Yasanın 93 üncü maddesinde düzenlenen aile reisi beyanında, tam mükellefiyette, eşlerin ve velayet altındaki çocukların yıllık beyanname ile beyan edilmesi gereken gelirlerinin aile reisi tarafından verilen tek beyannameye dahil edilmesi öngörülmüştür. Maddenin 3239 sayılı Yasanın 64 üncü maddesiyle değişen fıkrasında çocuk tabirinin, mükelleflerle birlikte oturan veya mükellef tarafından bakılan 18 yaşını doldurmamış evlatları ifade edeceği açıklanmıştır.

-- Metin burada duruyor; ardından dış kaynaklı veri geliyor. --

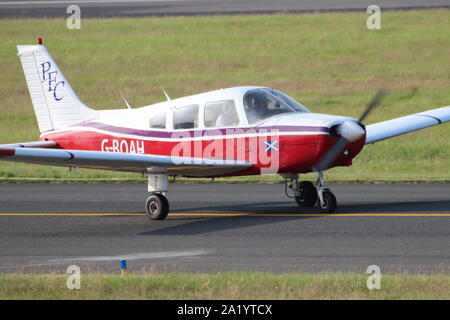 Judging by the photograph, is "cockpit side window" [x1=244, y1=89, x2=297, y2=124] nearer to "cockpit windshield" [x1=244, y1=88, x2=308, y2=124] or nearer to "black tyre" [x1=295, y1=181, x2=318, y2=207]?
"cockpit windshield" [x1=244, y1=88, x2=308, y2=124]

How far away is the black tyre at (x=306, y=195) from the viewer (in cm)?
1709

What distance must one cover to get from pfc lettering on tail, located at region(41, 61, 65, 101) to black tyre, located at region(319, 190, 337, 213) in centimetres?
606

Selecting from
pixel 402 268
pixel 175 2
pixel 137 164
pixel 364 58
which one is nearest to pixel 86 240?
pixel 137 164

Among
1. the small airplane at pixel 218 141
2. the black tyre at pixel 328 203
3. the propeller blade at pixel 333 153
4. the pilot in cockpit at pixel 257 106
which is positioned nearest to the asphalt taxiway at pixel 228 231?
the black tyre at pixel 328 203

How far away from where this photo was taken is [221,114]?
16.0 metres

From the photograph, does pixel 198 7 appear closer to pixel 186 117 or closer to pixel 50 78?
pixel 50 78

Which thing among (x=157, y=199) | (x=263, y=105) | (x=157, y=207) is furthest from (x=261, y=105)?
(x=157, y=207)

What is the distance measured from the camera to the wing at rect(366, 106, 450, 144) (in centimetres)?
1770

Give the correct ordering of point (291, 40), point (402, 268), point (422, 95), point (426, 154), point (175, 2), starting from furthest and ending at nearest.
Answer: point (175, 2) → point (291, 40) → point (422, 95) → point (426, 154) → point (402, 268)

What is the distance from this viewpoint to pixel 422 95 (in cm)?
3550

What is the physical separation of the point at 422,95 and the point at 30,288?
27.7 m

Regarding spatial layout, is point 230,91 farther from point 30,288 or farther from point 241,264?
point 30,288

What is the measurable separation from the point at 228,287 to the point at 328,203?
6474mm

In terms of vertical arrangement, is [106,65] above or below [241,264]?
above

Mükellef ile birlikte oturan ve 18 yaşını aşmış, ücret geliri olan iki çocuğun, bu maddede belirtilen çocuk kavramı dışında kaldığı açıktır.

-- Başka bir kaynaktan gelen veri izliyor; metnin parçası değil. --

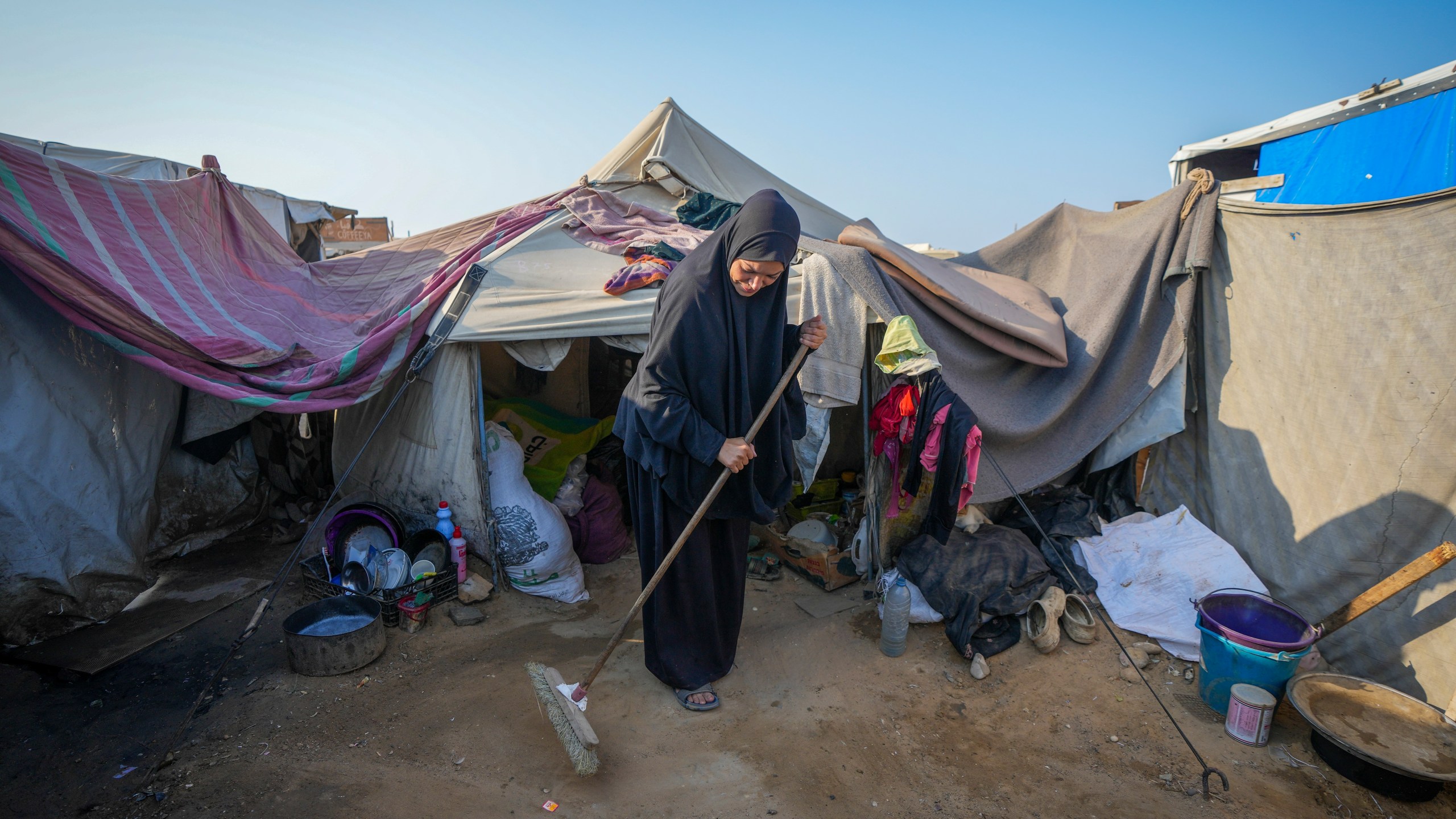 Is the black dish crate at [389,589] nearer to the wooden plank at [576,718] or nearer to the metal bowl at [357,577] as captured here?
the metal bowl at [357,577]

Çocuklarına ait ücret gelirinin, davacının kendi mesleki kazancına ait hayat standardı temel göstergesinin izahında kullanılmasına olanak bulunmadığından, mahkemece aksi yolda verilen kararda yasal isabet görülmemiştir.
Bu nedenlerle temyiz isteminin kabulüne, ... Vergi Mahkemesinin, ... günlü, E: ..., K: ... sayılı kararının bozulmasına, yeniden verilecek kararda karşılanacağından yargılama giderleri yönünden hüküm kurulmasına gerek bulunmadığına, 26.2.1999 gününde oyçokluğu ile karar verildi.

X - K A R Ş I O Y
Türk Vergi Sistemine, ilk kez, Gelir Vergisi Kanununa 1.1.1983 gününde yürürlüğe giren 2772 sayılı Kanunla eklenen mükerrer 116 ncı madde ile getirilen hayat standardı esası, günün ekonomik koşullarında, mükelleflerin mesleki faaliyetleri ile kendilerinin ve aile fertlerinin yaşamlarını sürdürebilmelerinin, belli bir gelire sahip olmalarıyla mümkün bulunduğu gerçeğinden hareketle öngörülen bir vergi güvenlik sistemidir. Gelirin gerçekliği ilkesine ters düşen ve mükelleflerin gerçek yaşam düzeylerine tıpa tıp uymayan bu müessesenin kişiselleştirilmesi için, Kanun koyucu tarafından kimi önlemler alınmıştır. Bu önlemlerin biri de, mükelleflerin yaşam düzeylerini beyannamede gösterilen gelirlerin dışındaki gelirleriyle izah edebilmelerine olanak sağlanmış olmasıdır.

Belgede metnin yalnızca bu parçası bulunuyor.